▶ **Work task**: All of the records should come back exactly as written.

------ Data provided ------

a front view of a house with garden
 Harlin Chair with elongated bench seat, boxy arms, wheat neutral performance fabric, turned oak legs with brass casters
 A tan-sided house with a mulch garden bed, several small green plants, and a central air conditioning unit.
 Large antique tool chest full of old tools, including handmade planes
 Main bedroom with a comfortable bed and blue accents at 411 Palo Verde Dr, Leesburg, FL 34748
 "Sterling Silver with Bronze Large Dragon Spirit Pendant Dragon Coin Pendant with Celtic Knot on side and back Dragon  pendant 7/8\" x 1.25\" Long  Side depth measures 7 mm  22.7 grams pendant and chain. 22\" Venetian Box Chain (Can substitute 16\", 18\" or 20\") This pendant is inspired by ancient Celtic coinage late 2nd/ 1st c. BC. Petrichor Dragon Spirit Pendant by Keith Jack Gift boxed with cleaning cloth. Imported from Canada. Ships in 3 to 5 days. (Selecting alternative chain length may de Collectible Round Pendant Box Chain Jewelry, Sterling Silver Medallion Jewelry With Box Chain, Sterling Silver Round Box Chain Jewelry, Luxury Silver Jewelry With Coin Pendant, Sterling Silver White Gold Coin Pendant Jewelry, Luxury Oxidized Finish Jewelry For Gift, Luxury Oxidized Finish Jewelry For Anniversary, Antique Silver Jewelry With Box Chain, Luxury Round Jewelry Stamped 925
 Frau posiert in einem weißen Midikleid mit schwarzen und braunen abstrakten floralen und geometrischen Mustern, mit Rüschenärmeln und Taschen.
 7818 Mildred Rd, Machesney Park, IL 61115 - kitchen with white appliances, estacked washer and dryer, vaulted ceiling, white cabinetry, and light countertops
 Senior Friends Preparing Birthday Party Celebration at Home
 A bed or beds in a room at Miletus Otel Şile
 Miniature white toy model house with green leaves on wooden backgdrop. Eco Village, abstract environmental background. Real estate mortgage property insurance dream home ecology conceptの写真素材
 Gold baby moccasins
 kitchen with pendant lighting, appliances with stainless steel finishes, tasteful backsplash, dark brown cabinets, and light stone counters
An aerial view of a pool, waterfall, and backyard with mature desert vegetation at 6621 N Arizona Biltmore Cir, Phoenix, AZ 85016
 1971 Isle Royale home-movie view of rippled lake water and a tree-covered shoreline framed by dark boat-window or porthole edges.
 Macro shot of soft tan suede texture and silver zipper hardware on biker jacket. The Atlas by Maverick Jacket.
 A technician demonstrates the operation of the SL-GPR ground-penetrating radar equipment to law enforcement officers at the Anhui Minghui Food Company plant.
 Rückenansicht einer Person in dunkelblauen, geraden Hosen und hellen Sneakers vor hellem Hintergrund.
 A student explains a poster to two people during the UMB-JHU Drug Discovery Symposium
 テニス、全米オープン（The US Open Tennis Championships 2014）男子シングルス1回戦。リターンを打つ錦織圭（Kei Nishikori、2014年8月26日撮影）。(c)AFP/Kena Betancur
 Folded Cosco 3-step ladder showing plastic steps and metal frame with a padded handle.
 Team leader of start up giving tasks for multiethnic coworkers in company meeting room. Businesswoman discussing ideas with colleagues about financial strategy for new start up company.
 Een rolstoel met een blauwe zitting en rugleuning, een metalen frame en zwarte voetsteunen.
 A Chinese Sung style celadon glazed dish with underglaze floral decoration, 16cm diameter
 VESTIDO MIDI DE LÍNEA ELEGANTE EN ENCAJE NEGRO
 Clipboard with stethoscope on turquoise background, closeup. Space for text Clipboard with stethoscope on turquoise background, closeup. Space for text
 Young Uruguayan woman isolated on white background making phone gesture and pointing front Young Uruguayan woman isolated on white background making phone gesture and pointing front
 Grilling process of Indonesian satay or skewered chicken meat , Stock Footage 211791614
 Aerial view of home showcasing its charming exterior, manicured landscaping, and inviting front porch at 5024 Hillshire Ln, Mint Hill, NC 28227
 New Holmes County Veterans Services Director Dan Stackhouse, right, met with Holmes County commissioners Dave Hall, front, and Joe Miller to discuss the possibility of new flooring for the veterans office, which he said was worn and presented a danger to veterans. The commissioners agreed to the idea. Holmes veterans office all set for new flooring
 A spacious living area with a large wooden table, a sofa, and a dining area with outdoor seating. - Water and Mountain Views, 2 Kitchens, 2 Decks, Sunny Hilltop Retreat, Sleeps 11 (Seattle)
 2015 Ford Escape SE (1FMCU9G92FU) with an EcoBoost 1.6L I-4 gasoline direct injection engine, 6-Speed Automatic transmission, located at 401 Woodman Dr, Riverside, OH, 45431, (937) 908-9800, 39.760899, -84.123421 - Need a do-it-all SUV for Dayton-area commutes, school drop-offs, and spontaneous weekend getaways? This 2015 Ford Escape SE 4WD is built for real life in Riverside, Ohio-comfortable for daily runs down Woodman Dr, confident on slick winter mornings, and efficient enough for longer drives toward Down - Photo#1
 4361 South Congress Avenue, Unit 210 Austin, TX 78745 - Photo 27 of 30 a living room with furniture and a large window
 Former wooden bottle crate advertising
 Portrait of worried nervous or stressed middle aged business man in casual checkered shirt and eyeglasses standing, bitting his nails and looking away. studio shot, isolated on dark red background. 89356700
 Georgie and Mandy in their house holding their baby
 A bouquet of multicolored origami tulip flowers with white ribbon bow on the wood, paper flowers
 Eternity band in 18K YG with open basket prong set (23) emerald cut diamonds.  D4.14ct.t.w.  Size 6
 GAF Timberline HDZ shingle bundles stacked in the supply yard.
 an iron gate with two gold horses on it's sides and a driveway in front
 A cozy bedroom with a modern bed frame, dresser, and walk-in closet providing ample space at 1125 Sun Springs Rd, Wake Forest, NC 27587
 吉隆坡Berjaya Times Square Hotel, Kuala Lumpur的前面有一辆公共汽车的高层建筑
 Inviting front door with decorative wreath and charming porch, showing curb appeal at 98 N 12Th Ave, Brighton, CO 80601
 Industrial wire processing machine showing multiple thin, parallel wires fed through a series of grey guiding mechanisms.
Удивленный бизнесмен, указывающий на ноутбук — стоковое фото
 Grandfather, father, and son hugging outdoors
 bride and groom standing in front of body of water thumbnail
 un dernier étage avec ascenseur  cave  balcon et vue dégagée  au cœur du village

------

▶ **Exercise result**:
a front view of a house with garden
 Harlin Chair with elongated bench seat, boxy arms, wheat neutral performance fabric, turned oak legs with brass casters
 A tan-sided house with a mulch garden bed, several small green plants, and a central air conditioning unit.
 Large antique tool chest full of old tools, including handmade planes
 Main bedroom with a comfortable bed and blue accents at 411 Palo Verde Dr, Leesburg, FL 34748
 "Sterling Silver with Bronze Large Dragon Spirit Pendant Dragon Coin Pendant with Celtic Knot on side and back Dragon  pendant 7/8\" x 1.25\" Long  Side depth measures 7 mm  22.7 grams pendant and chain. 22\" Venetian Box Chain (Can substitute 16\", 18\" or 20\") This pendant is inspired by ancient Celtic coinage late 2nd/ 1st c. BC. Petrichor Dragon Spirit Pendant by Keith Jack Gift boxed with cleaning cloth. Imported from Canada. Ships in 3 to 5 days. (Selecting alternative chain length may de Collectible Round Pendant Box Chain Jewelry, Sterling Silver Medallion Jewelry With Box Chain, Sterling Silver Round Box Chain Jewelry, Luxury Silver Jewelry With Coin Pendant, Sterling Silver White Gold Coin Pendant Jewelry, Luxury Oxidized Finish Jewelry For Gift, Luxury Oxidized Finish Jewelry For Anniversary, Antique Silver Jewelry With Box Chain, Luxury Round Jewelry Stamped 925
 Frau posiert in einem weißen Midikleid mit schwarzen und braunen abstrakten floralen und geometrischen Mustern, mit Rüschenärmeln und Taschen.
 7818 Mildred Rd, Machesney Park, IL 61115 - kitchen with white appliances, estacked washer and dryer, vaulted ceiling, white cabinetry, and light countertops
 Senior Friends Preparing Birthday Party Celebration at Home
 A bed or beds in a room at Miletus Otel Şile
 Miniature white toy model house with green leaves on wooden backgdrop. Eco Village, abstract environmental background. Real estate mortgage property insurance dream home ecology conceptの写真素材
 Gold baby moccasins
 kitchen with pendant lighting, appliances with stainless steel finishes, tasteful backsplash, dark brown cabinets, and light stone counters
An aerial view of a pool, waterfall, and backyard with mature desert vegetation at 6621 N Arizona Biltmore Cir, Phoenix, AZ 85016
 1971 Isle Royale home-movie view of rippled lake water and a tree-covered shoreline framed by dark boat-window or porthole edges.
 Macro shot of soft tan suede texture and silver zipper hardware on biker jacket. The Atlas by Maverick Jacket.
 A technician demonstrates the operation of the SL-GPR ground-penetrating radar equipment to law enforcement officers at the Anhui Minghui Food Company plant.
 Rückenansicht einer Person in dunkelblauen, geraden Hosen und hellen Sneakers vor hellem Hintergrund.
 A student explains a poster to two people during the UMB-JHU Drug Discovery Symposium
 テニス、全米オープン（The US Open Tennis Championships 2014）男子シングルス1回戦。リターンを打つ錦織圭（Kei Nishikori、2014年8月26日撮影）。(c)AFP/Kena Betancur
 Folded Cosco 3-step ladder showing plastic steps and metal frame with a padded handle.
 Team leader of start up giving tasks for multiethnic coworkers in company meeting room. Businesswoman discussing ideas with colleagues about financial strategy for new start up company.
 Een rolstoel met een blauwe zitting en rugleuning, een metalen frame en zwarte voetsteunen.
 A Chinese Sung style celadon glazed dish with underglaze floral decoration, 16cm diameter
 VESTIDO MIDI DE LÍNEA ELEGANTE EN ENCAJE NEGRO
 Clipboard with stethoscope on turquoise background, closeup. Space for text Clipboard with stethoscope on turquoise background, closeup. Space for text
 Young Uruguayan woman isolated on white background making phone gesture and pointing front Young Uruguayan woman isolated on white background making phone gesture and pointing front
 Grilling process of Indonesian satay or skewered chicken meat , Stock Footage 211791614
 Aerial view of home showcasing its charming exterior, manicured landscaping, and inviting front porch at 5024 Hillshire Ln, Mint Hill, NC 28227
 New Holmes County Veterans Services Director Dan Stackhouse, right, met with Holmes County commissioners Dave Hall, front, and Joe Miller to discuss the possibility of new flooring for the veterans office, which he said was worn and presented a danger to veterans. The commissioners agreed to the idea. Holmes veterans office all set for new flooring
 A spacious living area with a large wooden table, a sofa, and a dining area with outdoor seating. - Water and Mountain Views, 2 Kitchens, 2 Decks, Sunny Hilltop Retreat, Sleeps 11 (Seattle)
 2015 Ford Escape SE (1FMCU9G92FU) with an EcoBoost 1.6L I-4 gasoline direct injection engine, 6-Speed Automatic transmission, located at 401 Woodman Dr, Riverside, OH, 45431, (937) 908-9800, 39.760899, -84.123421 - Need a do-it-all SUV for Dayton-area commutes, school drop-offs, and spontaneous weekend getaways? This 2015 Ford Escape SE 4WD is built for real life in Riverside, Ohio-comfortable for daily runs down Woodman Dr, confident on slick winter mornings, and efficient enough for longer drives toward Down - Photo#1
 4361 South Congress Avenue, Unit 210 Austin, TX 78745 - Photo 27 of 30 a living room with furniture and a large window
 Former wooden bottle crate advertising
 Portrait of worried nervous or stressed middle aged business man in casual checkered shirt and eyeglasses standing, bitting his nails and looking away. studio shot, isolated on dark red background. 89356700
 Georgie and Mandy in their house holding their baby
 A bouquet of multicolored origami tulip flowers with white ribbon bow on the wood, paper flowers
 Eternity band in 18K YG with open basket prong set (23) emerald cut diamonds.  D4.14ct.t.w.  Size 6
 GAF Timberline HDZ shingle bundles stacked in the supply yard.
 an iron gate with two gold horses on it's sides and a driveway in front
 A cozy bedroom with a modern bed frame, dresser, and walk-in closet providing ample space at 1125 Sun Springs Rd, Wake Forest, NC 27587
 吉隆坡Berjaya Times Square Hotel, Kuala Lumpur的前面有一辆公共汽车的高层建筑
 Inviting front door with decorative wreath and charming porch, showing curb appeal at 98 N 12Th Ave, Brighton, CO 80601
 Industrial wire processing machine showing multiple thin, parallel wires fed through a series of grey guiding mechanisms.
Удивленный бизнесмен, указывающий на ноутбук — стоковое фото
 Grandfather, father, and son hugging outdoors
 bride and groom standing in front of body of water thumbnail
 un dernier étage avec ascenseur  cave  balcon et vue dégagée  au cœur du village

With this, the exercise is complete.